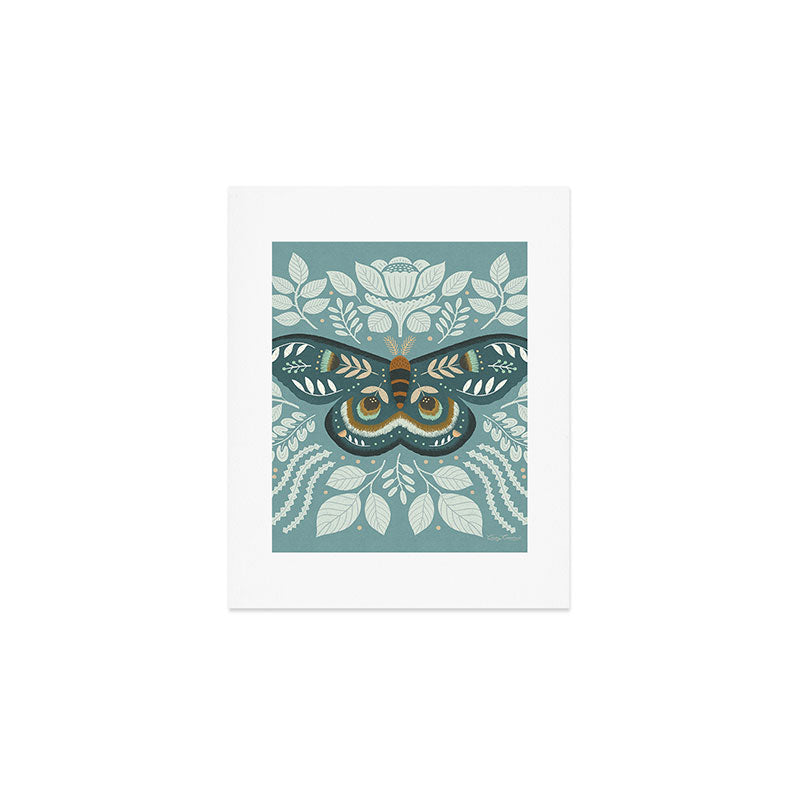 Folk Art Moth - Blue Gray Art Print Gallery Image 1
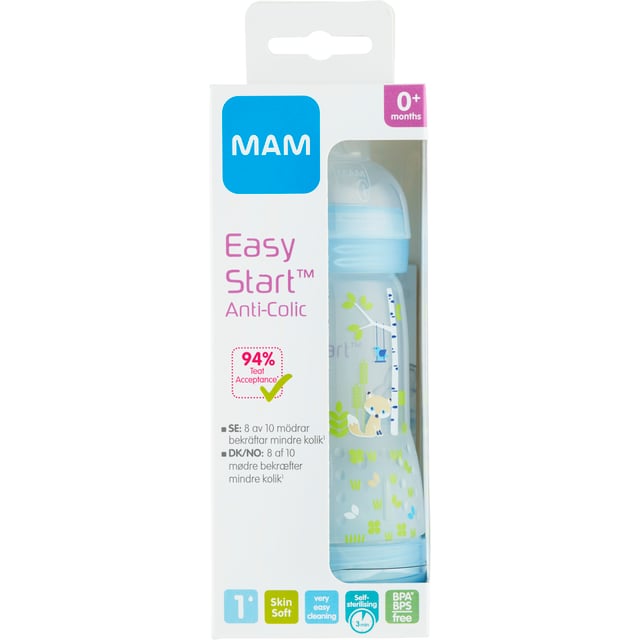MAM Easy Start Anti Colic Nappflaska 0+ Månader 260 ml - Olika färger | Baby, barn & förälder - Mata - Nappflaskor för nyfödda | Apoteka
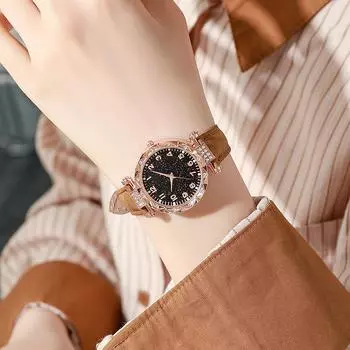 Новые стили женские кварцевые часы лучшие брендовые женские кварцевые наручные часы лучшие подарки часы для жены, семьи, друга чёрный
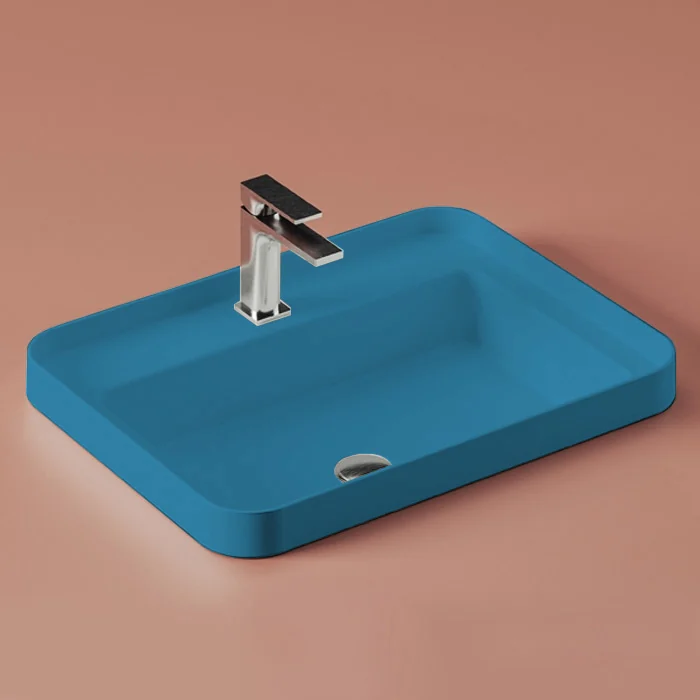 Раковина, Artceram, FUORI SCALA, шгв 605*455*153, отверстия для смесителя-1, цвет-Blue avio (Товар заказной, возврату не подлежит)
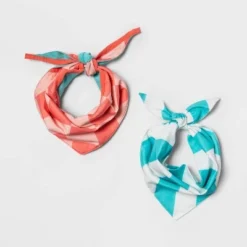 Boots & Barkley Cooling Grid/Stripe Collar Slide Dog Bandana - 2pk - Boots & Barkley™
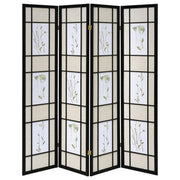 Catabella 4-Panel Room Divider Folding Shoji Screen Floral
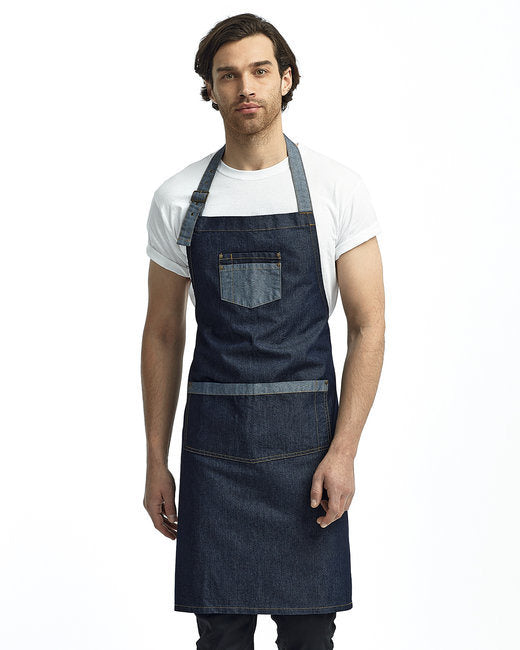 Unisex Domain Contrast Denim Bib Apron - BLACK DENIM - OS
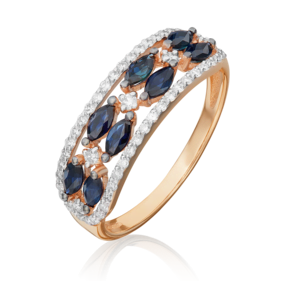 Кольцо из красного золота с сапфирами и бриллиантами 01-1595-00-105-1110-30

________________

> [TASK ITEM] Copy the data above line for line, skipping every picture.

> [SOLUTION TO THIS EXERCISE]
 Folk Art Moth - Blue Gray Art Print Gallery Image 1
MAM Easy Start Anti Colic Nappflaska 0+ Månader 260 ml - Olika färger | Baby, barn & förälder - Mata - Nappflaskor för nyfödda | Apoteka
 Новые стили женские кварцевые часы лучшие брендовые женские кварцевые наручные часы лучшие подарки часы для жены, семьи, друга чёрный
 Раковина, Artceram, FUORI SCALA, шгв 605*455*153, отверстия для смесителя-1, цвет-Blue avio (Товар заказной, возврату не подлежит)
 Boots & Barkley Cooling Grid/Stripe Collar Slide Dog Bandana - 2pk - Boots & Barkley™
 Catabella 4-Panel Room Divider Folding Shoji Screen Floral
 Unisex Domain Contrast Denim Bib Apron - BLACK DENIM - OS
 Кольцо из красного золота с сапфирами и бриллиантами 01-1595-00-105-1110-30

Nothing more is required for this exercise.